Qu’importe le passé : l’avenir est-il condamné, avec les reculs de la démocratie et de la paix dans le monde ? Les démocraties libérales ne seraient plus que 32 en 2020 alors qu’elles étaient 43 en 2010.

La moitié des Gazaouis estime que le meilleur régime serait la démocratie. 73% souhaitent une solution pacifique avec Israël.

Et pourtant : La moitié (52%) des Gazaouis estime que le meilleur régime est … la démocratie ! 29% seulement soutiennent le Hamas, ce qui est peu dans un régime policier (44% sont contre). 73% souhaitent une solution pacifique avec Israël, contre 20% qui veulent une solution « militaire ». Les Gazaouis aimeraient développer des liens avec les Etats-Unis (37%) plutôt que l’Iran (32%).  
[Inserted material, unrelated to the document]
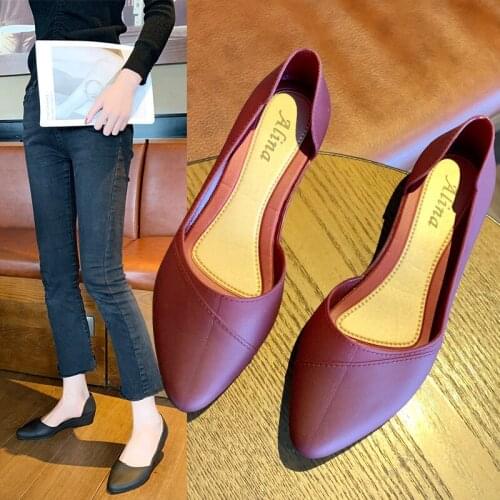 Women Shoes Pointed Single Shoes Womens Slope Heel Soft Sole Professional Comfortable Working Shoes Mouth Frosted Sandals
Si on laisse les peuples parler, ils choisiront la paix et la démocratie, à Gaza comme ailleurs. Hélas, ils n’ont pas le choix. 

L’amicale des dictateurs n’a aucune chance. À condition que les démocraties soient solidaires.

Selon l’état des forces, militaires, économiques, financières, culturelles, l’amicale des dictateurs n’a aucune chance. À condition que les démocraties soient solidaires, qu’elles n’oublient pas ceux qui vivent sous la coupe de terroristes, parfois chefs d’Etat. Russie, Chine, Corée du Nord, Iran, Birmanie, Biélorussie, Syrie, autant de médailles accrochées à vif sur la peau de l’humanité.

Vivre dans une période d’angoisse, de folie, d’horreur, fut souvent la règle. Cela pourrait devenir pire. Cela peut aussi devenir mieux. Des prisons jaillissent des héros, des héroïnes. Quelles leçons de courage d’Ukraine, d’Iran ! Et même de Russie. Le courage est-il aussi contagieux que la peur ?

La Conférence proposée par la France sur « l’aide humanitaire à Gaza » doit aller de pair avec « l’Alliance contre le terrorisme ».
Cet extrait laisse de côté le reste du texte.